A creator has a vision of something which has not existed before this vision.
And a creator has the power to bring his vision to life, the power to realize it.
In fact, the concept of creator and creation should be formed in harmony with the Divine Model; inspiration and perfection, wish and fulfilment [sic], will and accomplishment coincide spontaneously and simultaneously.  In Divine Creation there were no details to be carried out later; 'There was Light' at once and in its ultimate perfection.

Alas, human creators, if they be granted a vision, must travel the long path between vision and accomplishment; a hard road where, driven out of Paradise, even geniuses must reap their harvest in the sweat of their brows.
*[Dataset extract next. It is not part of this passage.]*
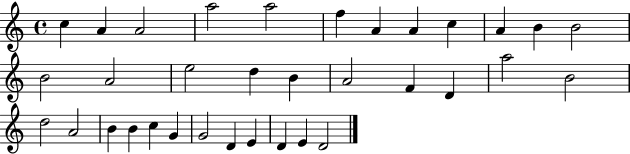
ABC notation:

Alas, it is one thing to envision in a creative instant of inspiration and it is another thing to materialize one's vision by painstakingly connecting details until they fuse into a kind of organism.

Alas, suppose it becomes an organism, a homunculus or a robot, and possesses some of the spontaneity of a vision; it remains yet another thing to organize this form so that it becomes a comprehensible message 'to whom it may concern'.

II
Form in the arts, and especially in music, aims primarily at comprehensibility.  The relaxation which a satisfied listener experiences when he can follow and idea, its development, and the reasons for such development is closely related, psychologically speaking, to a feeling of beauty.  Thus, artistic value demands comprehensibility, not only for intellectual, but also for emotional satisfaction.  However, the creator's idea has to be presented, whatever the mood he is impelled to evoke.

Composition with twelve tones has no other aim than comprehensibility.  In view of certain events in recent musical history, this might seem astonishing, for works written in this style have failed to gain understanding in spite of the new medium of organization.  Thus, should one forget that contemporaries are not final judges, but are generally overruled by history, one might consider this method doomed.  But, though it seems to increase the listener's difficulties, it compensates for this deficiency by penalizing the composer.  For composing thus does not become easier, but rather then times more difficult.  Only the better prepared composer can compose for the better-prepared music lover.

p. 216
III
The method of composing with twelve tones grew out of a necessity.

In the last hundred years, the concept of harmony has changed tremendously through the development of chromaticism.  The idea that one basic tone, the root, dominated the construction of chords and regulated their succession--the concept of tonality--had to develop first into the concept of extended tonality.  Very soon it became doubtful whether such a root still remained the centre to which every harmony and harmonic succession must be referred.  Furthermore, it became doubtful whether a tonic appearing at the beginning, at the end, or at any other point really had a constructive meaning.
.....
What distinguishes dissonances from consonances is not a greater or lesser degree of beauty, but a greater or lesser degree of comprehensibility.  In my Harmonielehre I presented the theory that dissonant tones appear later among the overtones, for which reason the ear is less intimately acquainted with them.  This phenomenon does not justify such sharply contradictory terms as concord and discord.

p. 217
The term emancipation of the dissonance refers to its comprehensibility, which is considered equivalent to the consonance's comprehensibility.  A style based on this premise treats dissonances like consonances and renounces a tonal centre.  By avoiding the establishment of a key modulation is excluded, since modulation means leaving an established tonality and establishing another tonality.
.....
Formerly the harmony had served not only as a source of beauty, but, more important, as a means of distinguishing the features of the form.  For  instance, only a consonance was considered suitable for an ending.  Establishing functions demanded different successions of harmonies than roving functions; a bridges, a transition, demanded other successions than a codetta; harmonic variation could be executed intelligently and logically only with due consideration of the fundamental meaning of the harmonies.

p.240
It is true that sound in my music changes with every turn of the idea--emotional, structural, or other.  It is furthermore true that such changes occur in a more rapid succession than usual, and I admit that it is more difficult to perceive them simultaneously.  ..... But it is not true that the other kind of sonority is foreign to my music.